(Information given begins)

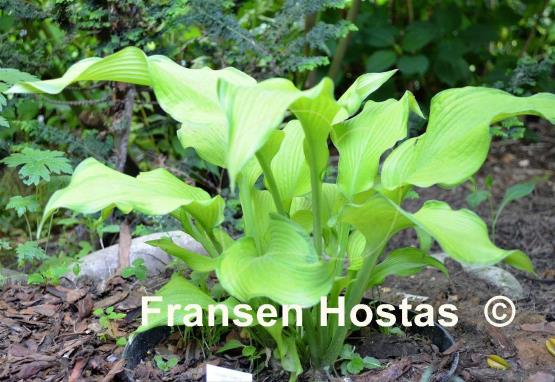 Hosta Dab a Green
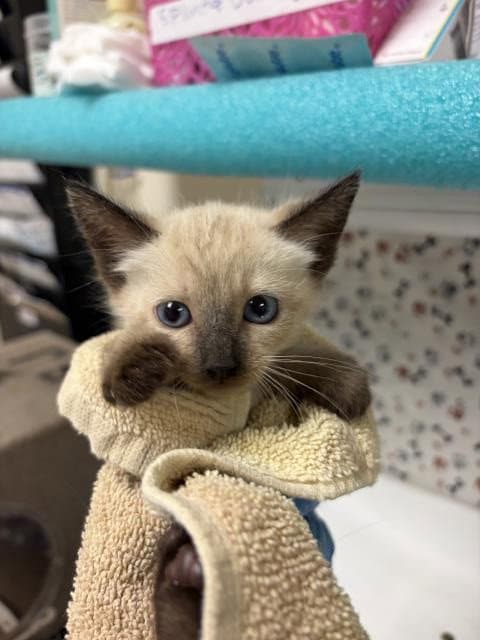 Blue - Domestic Short Hair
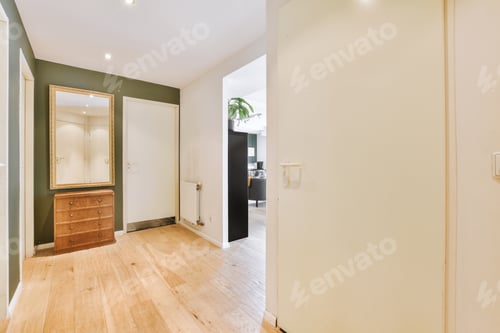 Preview: Doorway of modern apartment with white walls and parquet floor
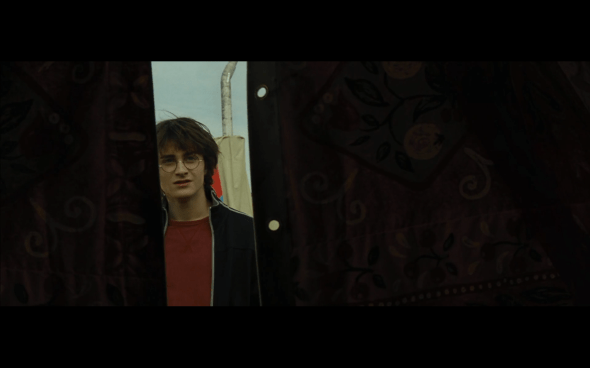 Harry Potter and the Goblet of Fire - 106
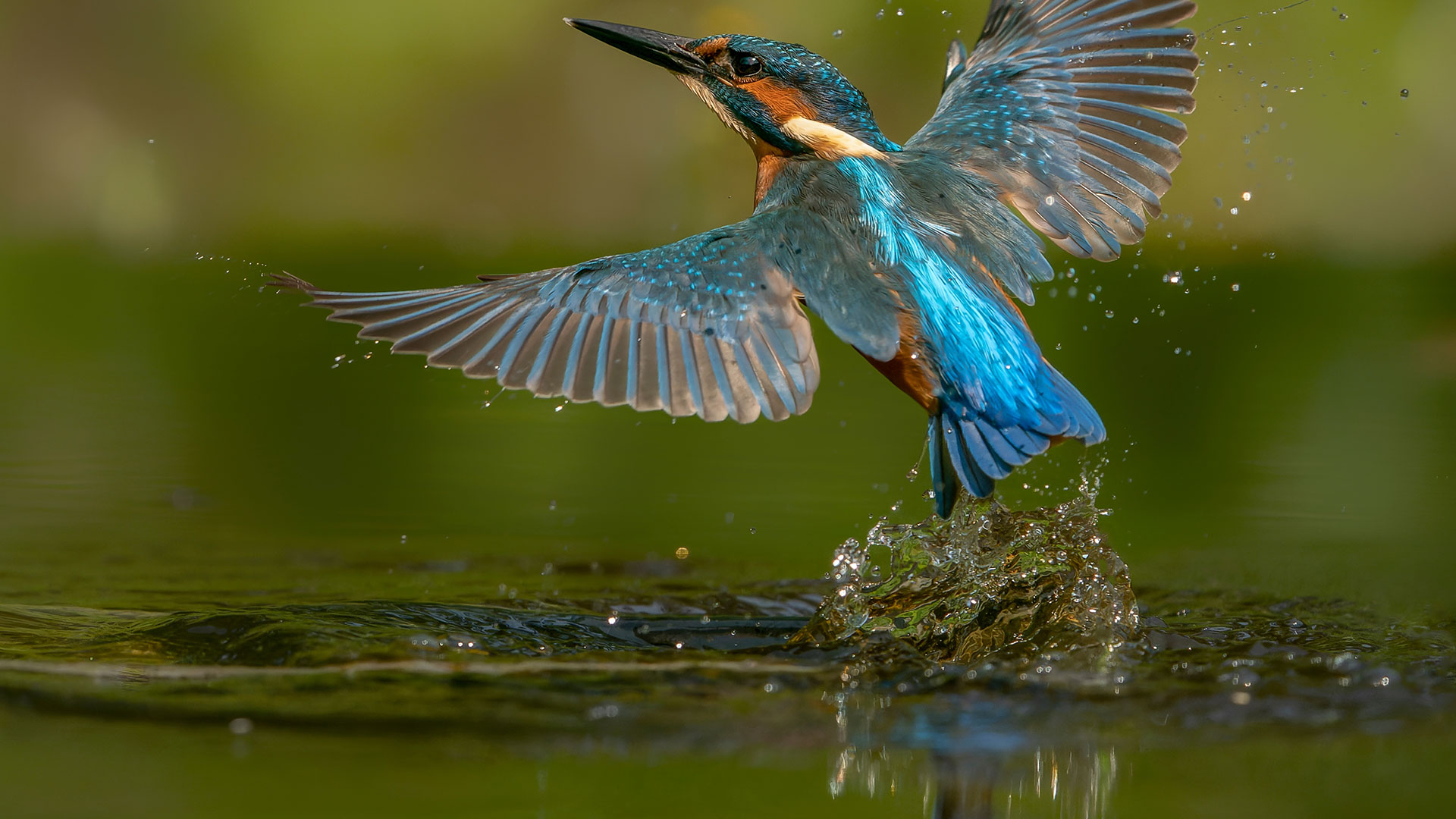 Wildlife Sightings for 20th June 2026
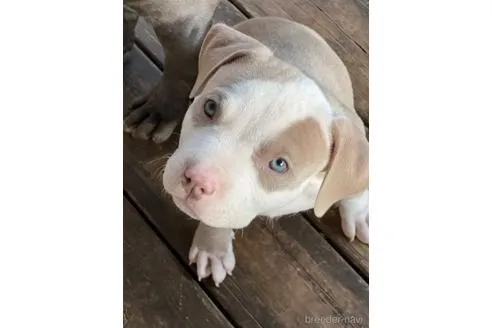 イザベラ　オス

(Information given ends)

Assignment:
Exactly the lines from the one containing "Preview: Doorway of" to the end of the records above, both end lines included, are to be printed, and no pictures with them.

Solution to the problem:
 Preview: Doorway of modern apartment with white walls and parquet floor
 Harry Potter and the Goblet of Fire - 106
 Wildlife Sightings for 20th June 2026
 イザベラ　オス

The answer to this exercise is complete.